Re: [text] On the value of idempotent string escape methods?

sebb Tue, 21 Feb 2017 06:56:51 -0800

On 21 February 2017 at 12:40, Rob Tompkins <chtom...@apache.org> wrote:
>
>> On Feb 21, 2017, at 6:02 AM, sebb <seb...@gmail.com> wrote:
>>
>> On 21 February 2017 at 04:40, Sampanna Kahu <sampy...@gmail.com 
>> <mailto:sampy...@gmail.com>> wrote:
>>> Hi Guys,
>>> Very good points are being made above. Please allow me to add my two cents
>>> :-)
>>>
>>> What if the string contains syntactically valid HTML characters/tags and
>>> our aim is to prevent rendering these tags in the browser when this string
>>> is being served via a web application? Or prevent the execution of harmful
>>> embedded scripts when serving it? The 'escapeOnce' method could be useful
>>> here, right?
>>
>> I don't think so.
>>
>>> To explain better, let's consider an example of the specific use-case that
>>> I had in mind when building the 'escapeOnce' method:
>>> Consider the scenario of a simple restful web application where users can
>>> manipulate their text using simple crud operations. Lets assume that we do
>>> not have the 'escapeOnce' method yet.
>>> 1. A user comes and submits his string. We escape it and store it in our
>>> database. If the string had any HTML characters, they would have gotten
>>> escaped.
>>>
>>> 2. After some time, the same user fetches his string, adds some more HTML
>>> characters and submits it. At this point, although the escape method would
>>> correctly escape the freshly added HTML characters, it would escape the
>>> older escaped HTML characters again! (for example &gt; would become
>>> &amp;gt;)
>>> And this effect gets magnified if step number 2 above is repeated.
>>
>> Of course, that is my point.
>>
>> Also remember that you want to show the original string to the user.
>> That's not possible in general if you use this approach.
>>
>> Suppose they originally entered
>>
>> "To code ampersand (&) in HTML, use '&amp;'"
>>
>> Using escapeOnce, this would become:
>>
>> "To code ampersand (&amp;) in HTML, use '&amp;'"
>>
>> You can either show that directly to the user, or use an unescapeOnce
>> and show them:
>>
>> "To code ampersand (&) in HTML, use '&'"
>>
>> Neither makes any sense.
>>
>>> How do we solve the above problem without the 'escapeOnce' method?
>>
>> Store the raw string in the database and escape it just before display.
>>
>> If you are using Javascript, then use an approach such as this to escape it:
>>
>> document.getElementById("whereItGoes").appendChild(document.createTextNode(unsafe_str));
>>
>> See:
>>
>> http://shebang.brandonmintern.com/foolproof-html-escaping-in-javascript/ 
>> <http://shebang.brandonmintern.com/foolproof-html-escaping-in-javascript/>
>>
>> This has a good discussion of some of the problems.
>>
>> ==
>>
>> Sorry, but it's not possible in general to do what you want, because
>> one cannot reliably determine if a string has been escaped just from
>> looking at the string.
>
> Another thought occurred to me (again despite potential lack of value).
>
> We should be able to quickly verify if there are any escape strings in the 
> string in question. A single application of unescape followed by checking 
> string equality with the original input would yield a predicate on the 
> existence of escape’s present in the input in question.

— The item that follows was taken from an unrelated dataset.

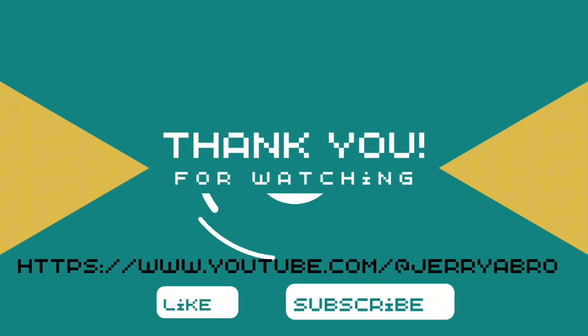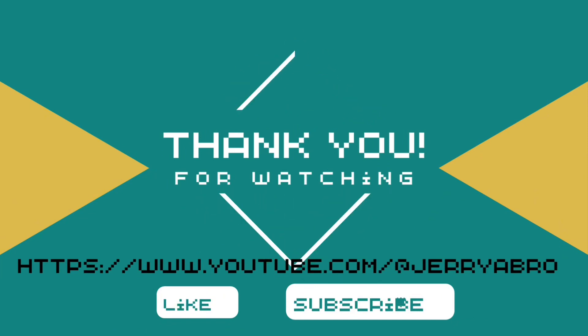Comment, share. So we'll see you in our new videos with new videos. Until next time.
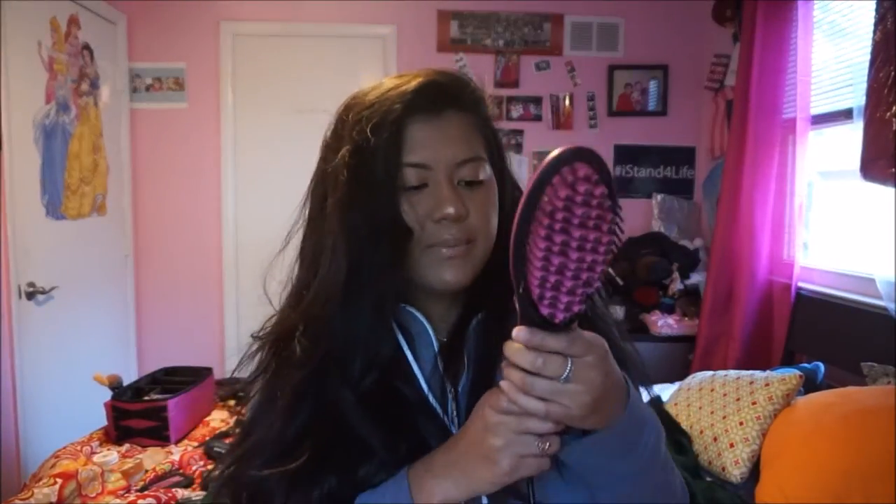Hey everybody, what's up! I'm gonna do my hair in this video. The reason I didn't want to do it in the get ready with me video was because I'm trying out this brush right here — you've probably heard of it. It supposedly straightens your hair. I don't have the box anymore because my mom is not a huge fan of keeping boxes.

Again, what does unescape mean in this context?
Does it ignore incomplete escape sequences, or throw an error?

> From there we could: (1) escape if no escapes were present in the original, 
> or (2) throw an exception if there were escapes present in the original 
> string.
> Again, this feels contrived, so I’m not really suggesting that we add it. I’m 
> just playing with ideas here that could accomplish what Sampanna is going for.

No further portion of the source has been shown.